# Commercial Sprayer Handles



## Sick Vic (Oct 4, 2017)

My name is Victor Smith I have a commercial sprayer to replace and thread size is different. Threads on faucet to be repaired are to small almost 3/8" but to fine. I have had a T&S and Chicago Sprayer. Neither one worked so My suspicion is Fisher maybe???? Anyone had this problem??


----------



## 5onthefloor (Sep 13, 2017)

Sick Vic said:


> My name is Victor Smith I have a commercial sprayer to replace and thread size is different. Threads on faucet to be repaired are to small almost 3/8" but to fine. I have had a T&S and Chicago Sprayer. Neither one worked so My suspicion is Fisher maybe???? Anyone had this problem??


You're gonna need to post an intro, otherwise you'll have to call a plumber to figure out this sprayer issue. Cheers!

Sent from my SM-G930V using Tapatalk


----------



## GAN (Jul 10, 2012)

You were nice 5onthefloor.


----------



## 5onthefloor (Sep 13, 2017)

GAN said:


> You were nice 5onthefloor.


Yah I know. I guess it is possible for me to not ALWAYS be an ahole! Bc there were so many things that came to mind....

Sent from my SM-G930V using Tapatalk


----------



## MACPLUMB777 (Jun 18, 2008)

Go to www.contractortalk.com 
For General Contractor Questions !


----------



## 5onthefloor (Sep 13, 2017)

See I'm glad this time I was not an ahole. @SickVic just had to post his intro. I'd say pics bro, can't visualize what you're talking about. 

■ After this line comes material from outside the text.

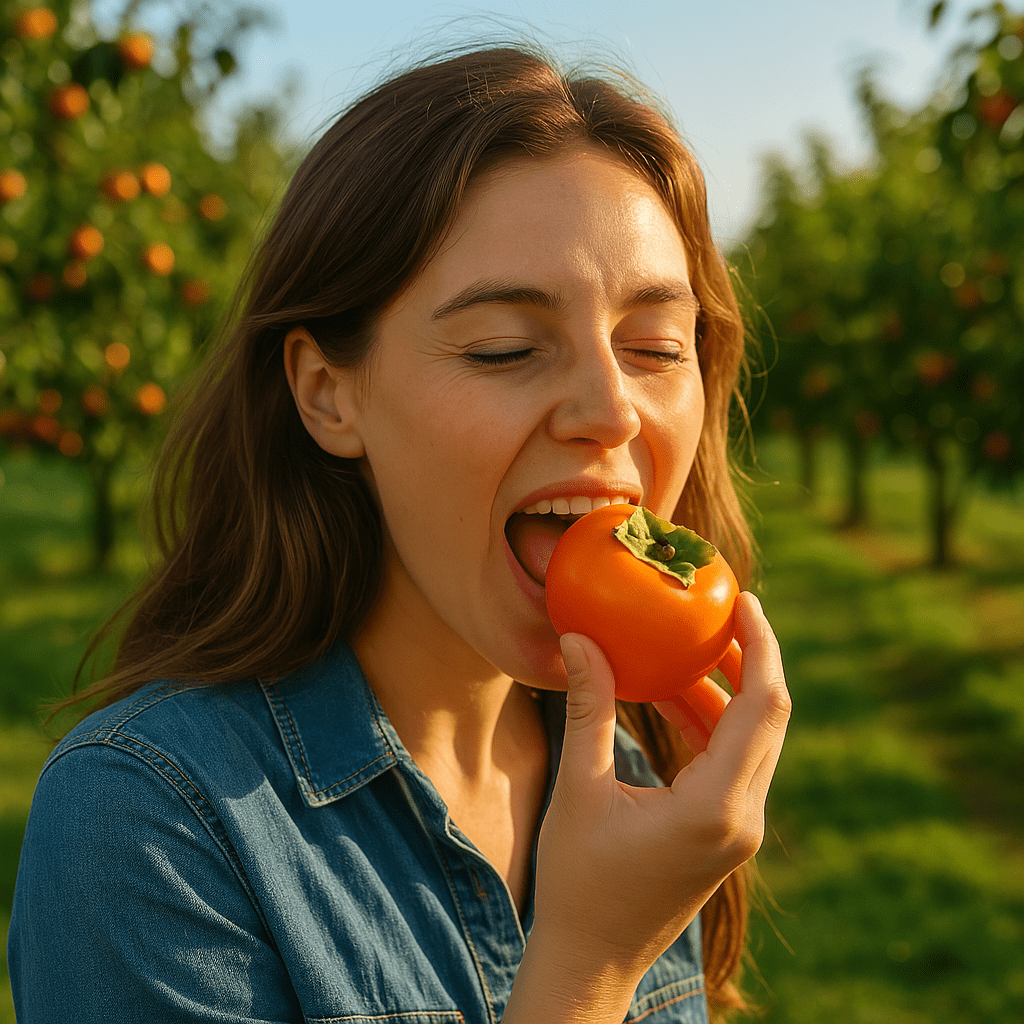 A woman taking a bite of a ripe American persimmon in a sunny orchard during fall.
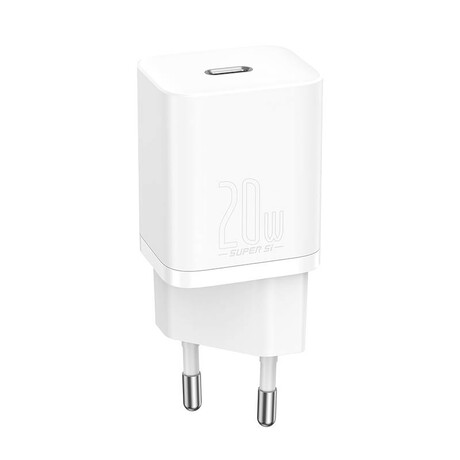 Baseus Γρήγορος Φορτιστής Super si 1c 20w με Καλώδιο usb-c σε Lightning 1m (Λευκό)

Sent from my SM-G930V using Tapatalk


----------



## GAN (Jul 10, 2012)

Sounds like a variant of thread sizes you see on a aerator. Faucet handle should help you isolate the current one mounted, or you may be able to get an adapter to go from one to the other.

Here is site that may help. >>> https://www.danco.com/how-to-center/how-to-match-your-broach-with-the-stem-finder-tool/

If you do much of this here is a tool you can use. >>>http://www.threadtoolsupply.com/faucet-stem-handle-broach-gauge.html


----------